# HURRA! Wir gründen eine Feierabend-Gilde!



## Centerman (4. Mai 2015)

Guten Morgen liebe WoW Spielerinnen und Spieler!
 
Ich spiele jetzt bereits seit dem Start von WoW mit kurzen Unterbrechungen durch. Dennoch bin ich noch immer ein blutiger Anfänger was Raids usw. angeht. Und das ist auch gut so. 
Ich genieße das Spiel meistens Abends und am Wochenende. Ein wenig Twinken hier und ein wenig Haustierkämpfe da. Richtig tief in die Materie eingestiegen bin ich aber nie. Kurz gesagt: Ich bin ein Noob dem WoW trotzdem Spaß macht!
 
Das einzige was mir irgendwie fehlt, ist eine feste Gemeinschaft mit Gleichgesinnten. Klar spielt man hier und da mit ein paar netten Leuten in einer Gruppe aber ein richtiges virtuelles Zuhause, in dem man bekannte Gesichter sieht.....oder besser gesagt hört (im TS), vermisse ich richtig.
 
Also habe ich mich auf die Suche nach einer netten Gilde gemacht und musste feststellen, dass es massenhaft Gilden gibt, aber die meisten exzessiv raiden möchten und auch entsprechend ambitionierte Mitspieler suchen.
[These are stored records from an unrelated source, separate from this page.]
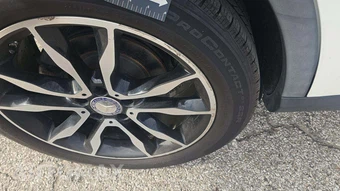 2015 Mercedes-Benz GLA 250 4MATIC - miniatura 27
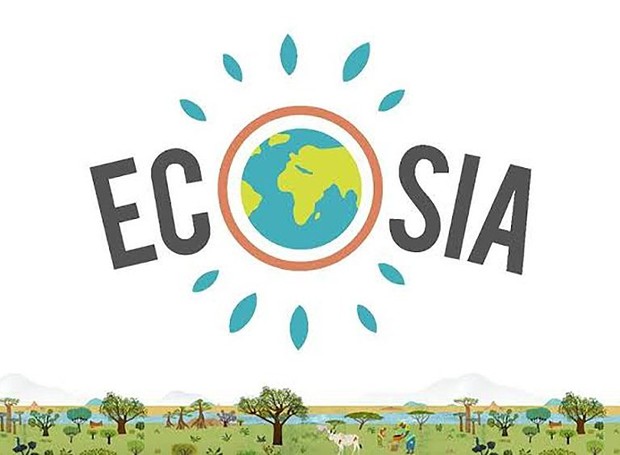 Basta usar o mecanismo de busca Ecosia para ajudar o meio ambiente (Foto: Divulgação)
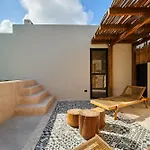 Bt Homes - - Selva Holistika Con Piscina Privada Tulum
Das bin ich aber leider nicht. 
 
Deswegen die ganz logische Konsequenz: Wenn du keine Gilde findest die zu dir passt, gründe eine eigene
 
Also, wer hat Lust und Laune, bei der Neugründung einer Feierabend-Casual-U30-was auch immer Gilde dabei zu sein? Ein paar grundlegenden Dinge vielleicht vorab, die ich mir für die neue "Familie" wünschen würde:
 
- Privatleben geht immer vor
- TS3 kann, muss aber nicht genutzt werden
- Wenn ihr da seid ist es schön, wenn ihr nicht da seid geht die Welt auch nicht unter
- Keiner wird gezwungen bei Events, Raids oder was auch immer, mitzumachen. 
 
Alles andere kann man dann gerne noch besprechen wenn alles in die Gänge kommt. 
 
Im Moment steht zumindest mein Main auf Blackhand auf Seiten der Horde. Deswegen wäre mir dieser Server und Fraktion am liebsten. Sollte sich eine Mehrheit in einer anderen Richtung ergeben, kann man über alles reden
 
Ich würde mich freuen, wenn sich zahlreiche Leute melden und wir eine tolle Truppe auf die Beine stellen könnten. 
 
Viele Grüße
 
Frank


----------



## Centerman (18. Mai 2015)

Hallo zusammen, 

 

hier hat sich zwar keiner auf meinen Post gemeldet, aber wir haben mittlerweile die Gilde gegründet und es scheint sich da eine ganz lustige Truppe zu finden. 

 

Wer Interesse hat, kann sich gerne bei einem von uns melden. 

 

http://wowgilden.net/Feierabendfreunde

 

Viele Grüße

Frank


----------



## Raysa (15. Juni 2015)

Hallo Frank,

 

wie ich deinem Beitrag entnehmen kann, möchtest du eine Gilde gründen / bzw hast Sie schon gegründet, leider fehlen hier die wichtigen Angaben wie Realm/Servername und Fraktion: Horde oder Allianz.

 

Ich selbst bin ü30 (kratze an meinen 40) und habe seit Wow Classic angefangen wow zu spielen. Mit einigen Pausen in Pandaria und jetzt in WoD habe ich eigentlich alles mitgemacht. Ich war aktiver Raider in einigen Semipro Gilden, die auch ihre Erfolge und Siege feierten. Aber warum ich hier antworte ist folgendes: Ich habe jetzt eine Pause von knapp 6 Monaten gemacht, und daher fehlen mir die notwendigen Infos zu den neuen Inhalten (mit den Patch 6.1 + x) und bei meiner Garnission bräuchte ich auch hilfe. Generell möchte ich nicht mehr aktiv raiden, sondern viel mehr, das Spiel geniessen, Erfolge machen, zusammen quatschen (im ts) und auch verrückte Dinge im Spiel tun. Also alles was eine Feierabendgilde auch tun würde.

 

Wichtig ist mir auch, dass man nicht nach einer Spielweise, oder dem Equip beurteilt wird. (Da habe ich schon einige schlechte Erfahrung gemacht, das hinter einem gemotzt und gemault wurde, aber niemand was sagte) - Generell bin ich für jeden Spaß zu haben.

 

Also ich würde vorschlagen, das wir uns gegenseitig kontaktieren. Ts wäre ideal. Bitte vorher auch mal den Realmname und die Fraktion angeben.

 

mfg

 

Tobi

 

P.S. Ich habe auch nichts dagegen von 0 auf 100 zu leveln, wenn einer mitmachen möchte - Meine Heimat ist Alleria auf Allianzseite.


----------